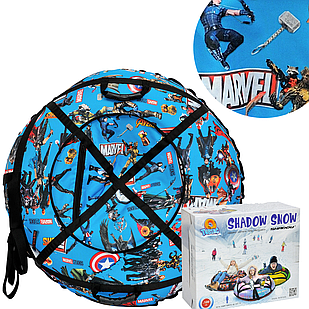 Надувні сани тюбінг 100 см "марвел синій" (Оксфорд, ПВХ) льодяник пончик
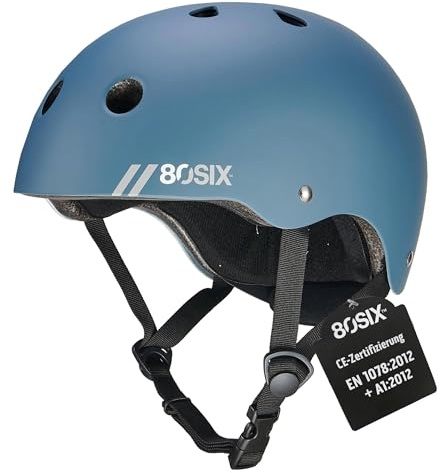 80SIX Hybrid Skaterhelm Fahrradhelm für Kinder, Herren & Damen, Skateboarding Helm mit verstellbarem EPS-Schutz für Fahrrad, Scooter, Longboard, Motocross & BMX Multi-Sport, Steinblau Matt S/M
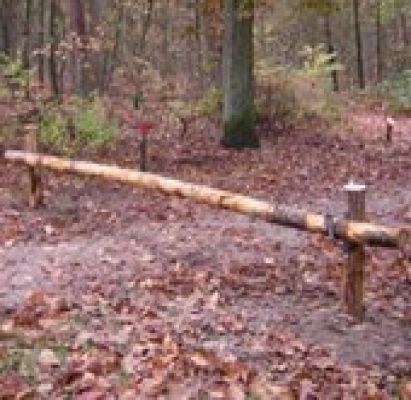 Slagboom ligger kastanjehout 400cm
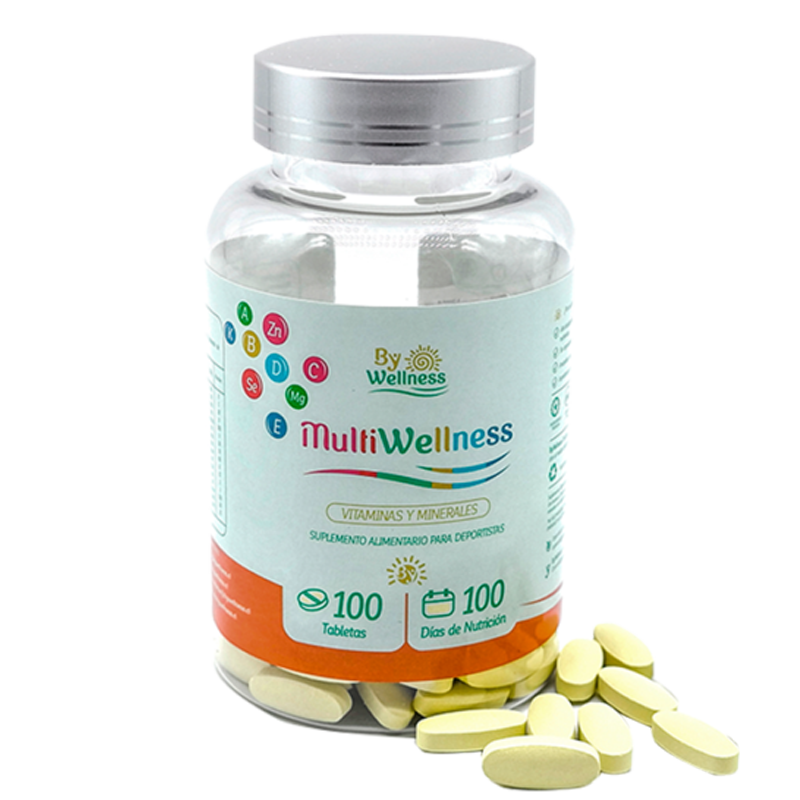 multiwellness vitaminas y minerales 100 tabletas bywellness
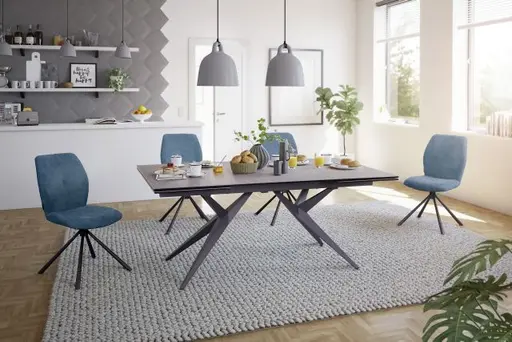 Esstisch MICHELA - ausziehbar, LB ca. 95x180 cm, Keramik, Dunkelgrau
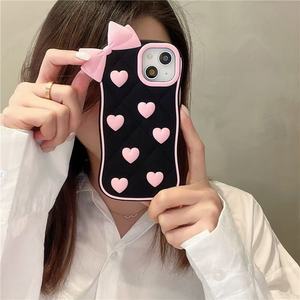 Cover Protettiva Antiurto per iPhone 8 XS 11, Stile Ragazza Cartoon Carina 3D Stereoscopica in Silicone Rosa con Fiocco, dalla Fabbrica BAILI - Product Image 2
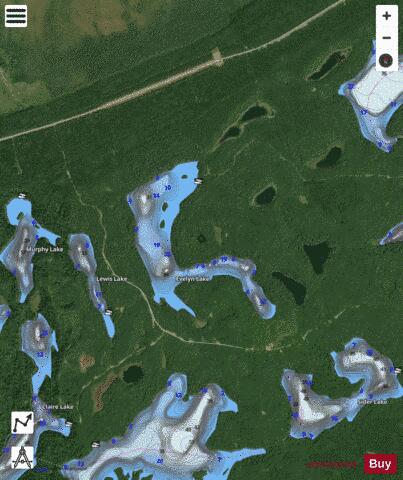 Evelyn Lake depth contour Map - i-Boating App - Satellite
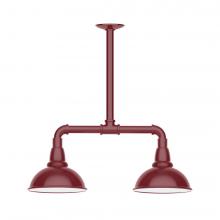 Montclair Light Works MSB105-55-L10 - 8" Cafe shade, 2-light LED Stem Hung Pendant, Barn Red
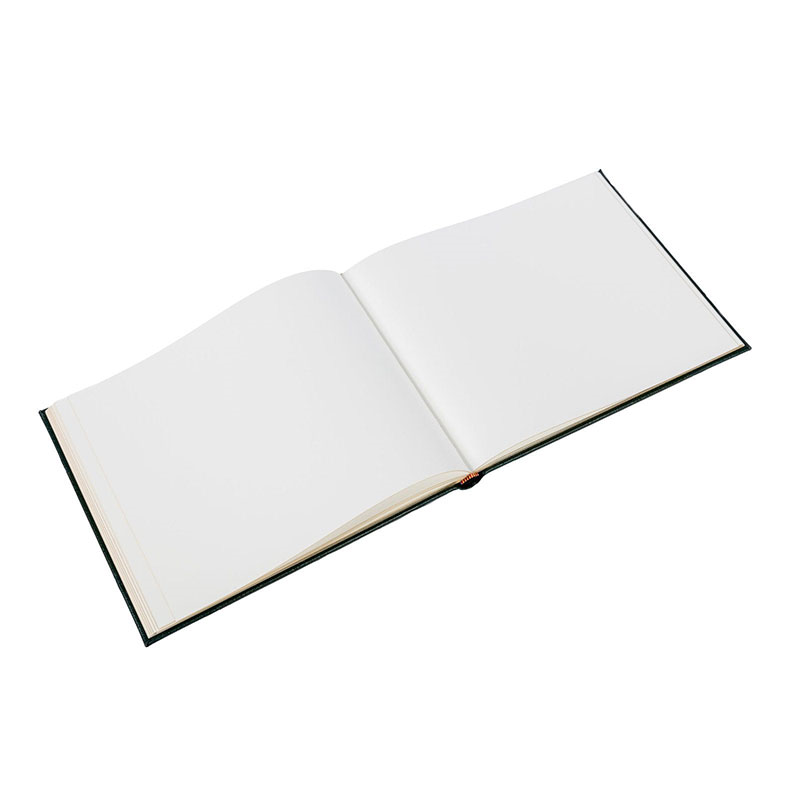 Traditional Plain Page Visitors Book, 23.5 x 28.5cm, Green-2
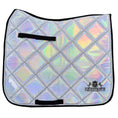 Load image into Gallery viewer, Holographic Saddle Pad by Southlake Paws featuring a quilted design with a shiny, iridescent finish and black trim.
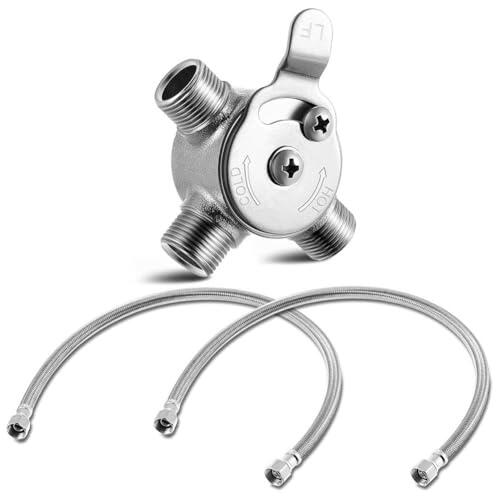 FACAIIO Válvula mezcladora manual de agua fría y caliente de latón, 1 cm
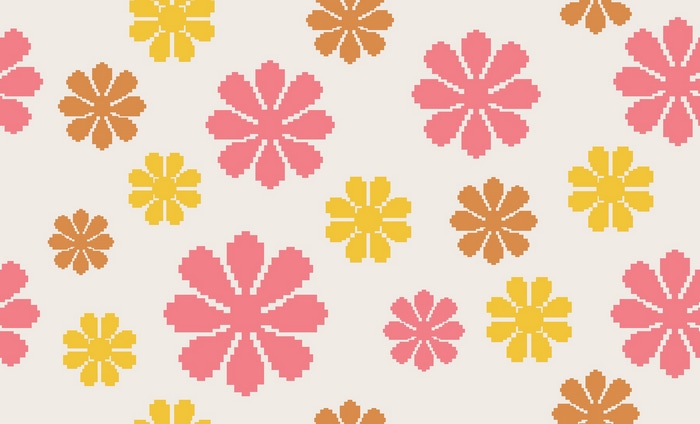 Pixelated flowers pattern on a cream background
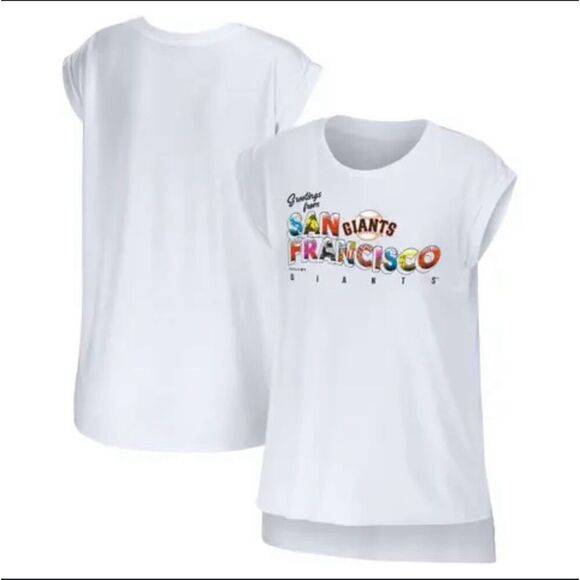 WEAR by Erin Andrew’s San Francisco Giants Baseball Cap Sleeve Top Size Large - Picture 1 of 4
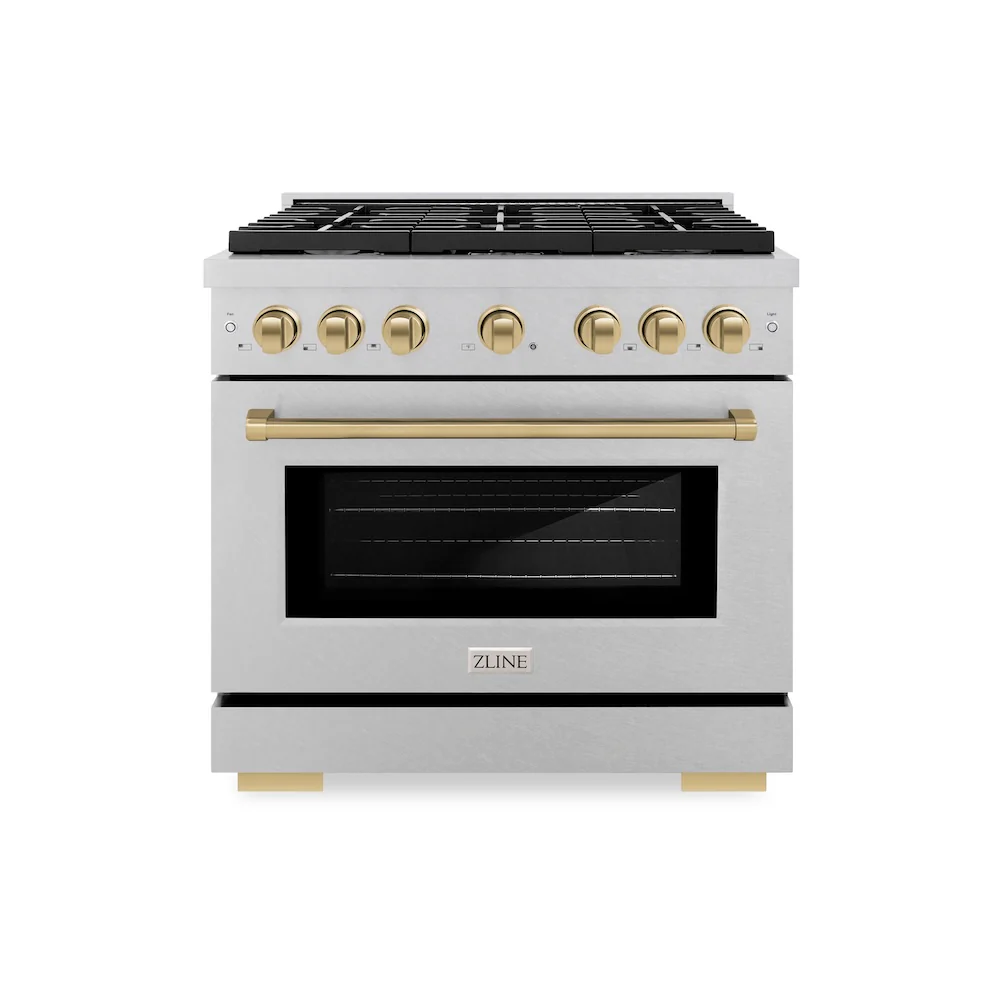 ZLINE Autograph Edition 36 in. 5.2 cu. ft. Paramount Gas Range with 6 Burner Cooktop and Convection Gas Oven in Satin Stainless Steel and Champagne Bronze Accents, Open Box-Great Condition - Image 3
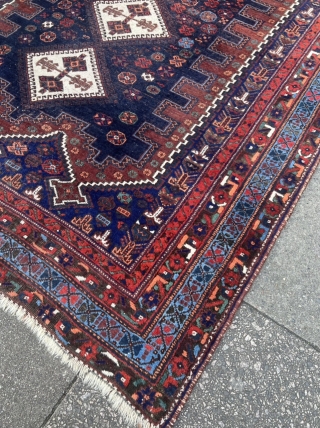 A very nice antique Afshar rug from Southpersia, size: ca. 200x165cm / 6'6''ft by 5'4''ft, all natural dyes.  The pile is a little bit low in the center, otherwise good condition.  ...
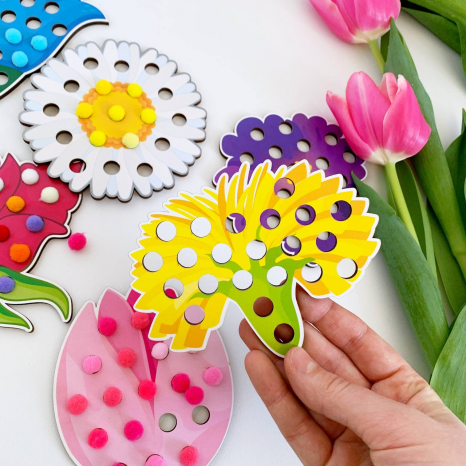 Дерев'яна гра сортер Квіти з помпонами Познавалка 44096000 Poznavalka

· · · ·

## [Exercise]
Given the listing above, repeat exactly the lines starting at the one with "Traditional Plain Page" and ending at the one with "FACAIIO Válvula mezcladora", inclusive, excluding pictures.

## [Written solution]
 Traditional Plain Page Visitors Book, 23.5 x 28.5cm, Green-2
 Load image into Gallery viewer, Holographic Saddle Pad by Southlake Paws featuring a quilted design with a shiny, iridescent finish and black trim.
 FACAIIO Válvula mezcladora manual de agua fría y caliente de latón, 1 cm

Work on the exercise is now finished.